[Dataset content]
######
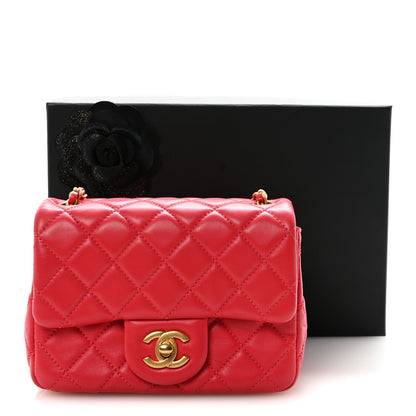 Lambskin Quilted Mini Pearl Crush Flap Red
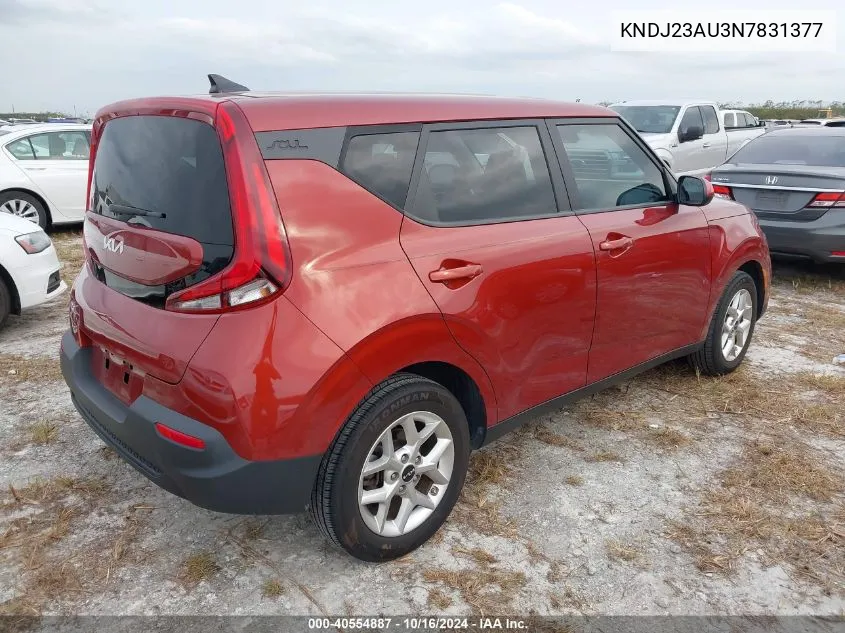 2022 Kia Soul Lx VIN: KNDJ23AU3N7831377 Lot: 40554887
######
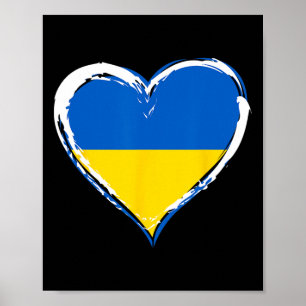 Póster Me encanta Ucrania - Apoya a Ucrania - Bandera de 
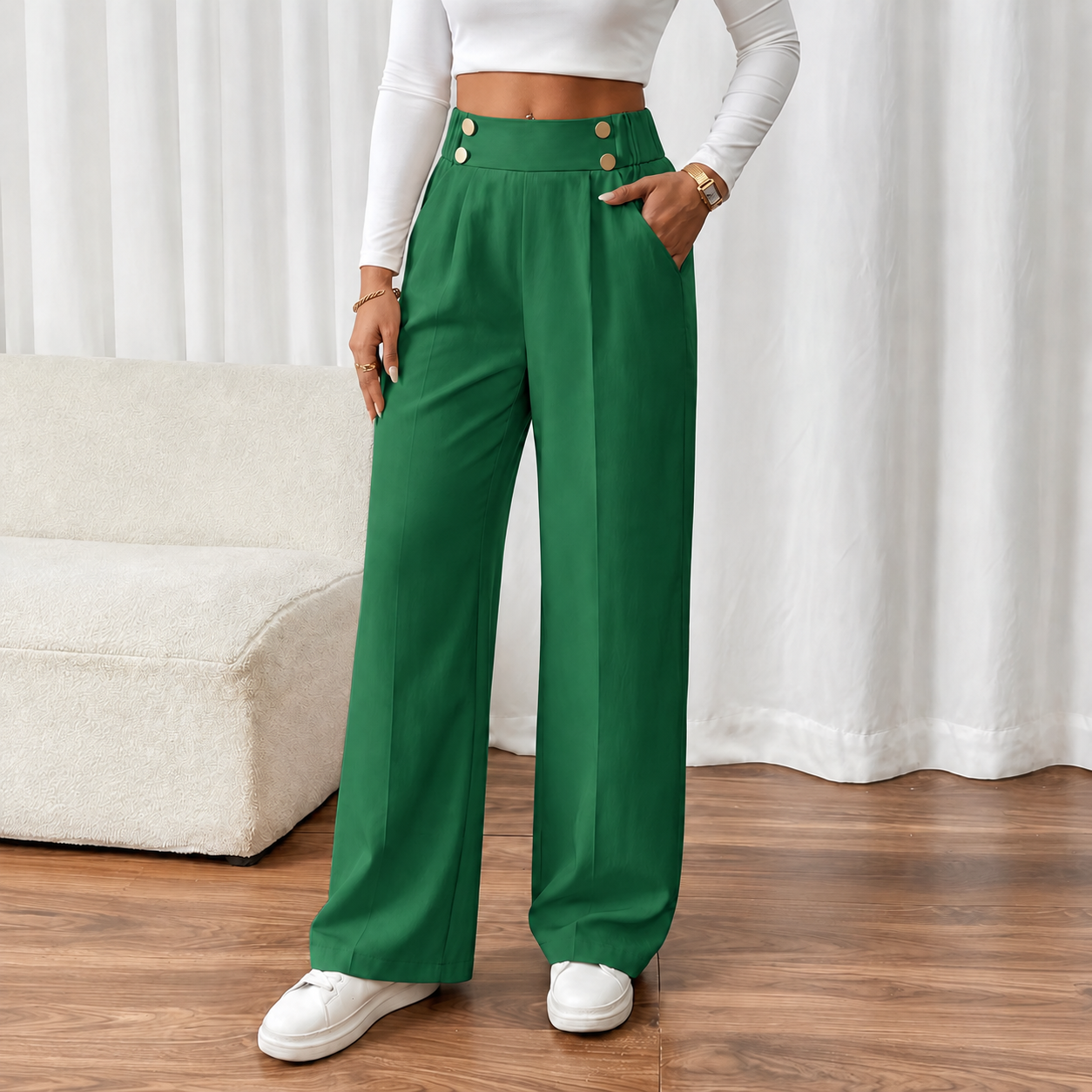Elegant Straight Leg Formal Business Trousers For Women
######
[Problem to work on] Your copy should hold the lines from the one with "Lambskin Quilted Mini Pearl Crush Flap Red" up to and including the one with "2022 Kia Soul", exactly as in the data above, and no pictures.

[Written reply]
 Lambskin Quilted Mini Pearl Crush Flap Red
 2022 Kia Soul Lx VIN: KNDJ23AU3N7831377 Lot: 40554887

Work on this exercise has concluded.